Now fix $r\in\mathbb Z$. I claim there are constant $c_r,d_r$ such that
$$
|X_n\cap(r+z\mathbb Z)|\leq c_r+d_r\log(n).
$$
If $|X\cap(r+z\mathbb Z)|\leq1$ this is clear, so suppose we have distinct $a,b\in X\cap(r+z\mathbb Z)$. We may suppose $b=a+kz=g^l(a)$ for some $l>0$ and $k\neq0$. Also $a=g^t(0)$ for some $t\geq0$. First suppose $k>0$. By (5),
$$
g^{s(m,k)l}(a)=a+mkz
$$
for $m\geq0$. Suppose $c\in X_n\cap(r+z\mathbb Z)$. Then $c=f^u(0)=a+vz$ where $0\leq u<n$ and $v\in\mathbb Z$. Pick $m$ such that $mk>v$ and $s(m,k)l+t>u$. We have
$$
g^{s(m,k)l}(a)=a+mkz=g^{s(m,k)l+t-u}(a+vz).
$$
Now the Lemma implies
$$
\frac{s(m,k)l+t-u}{s(m,k)l}=\frac{1-1/2^{mk-v}}{1-1/2^{mk}}.
$$
Simplifying, $u=t+l(2^v-1)/(2^k-1)$. Now either $u<t$ or
$$
0\leq v<\log_2(1+n(2^k-1)/l).
$$
The result follows. The case $k<0$ follows similarly from (5') and the second condition of the Lemma.
Finally we have
$$
n=|X_n|=\sum_{r=0}^{|z|-1}|X_n\cap(r+z\mathbb Z)|
\leq\left(\sum_{r=0}^{|z|-1}c_r\right)+
\left(\sum_{r=0}^{|z|-1}d_r\right)\log n
$$
for all $n$, giving a contradiction. Thus $z=g(0)=0$.
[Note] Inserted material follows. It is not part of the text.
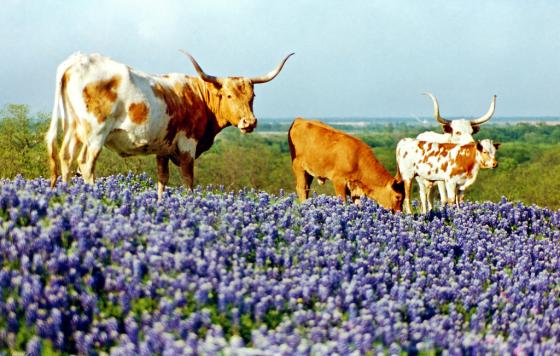 Texas Bluebells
Now (4) gives $g^2=g$. Let $I=\mathrm{im}\,g$, so $g(a)=a$ for $a\in I$. Put $(a,b)=(g(c),d+g(c))$ in (2') to obtain
$$
g(c)+g(d)=g(g(c)+g(d))
$$
for all $c,d$. Thus $I$ is closed under addition. Also $0\in I$ since $g(0)=0$. Finally (1') implies $g(1)=1+g(-1)$, so $I\neq\{0\}$. Note that (1') implies $a\in I$ iff $g(-a)=0$.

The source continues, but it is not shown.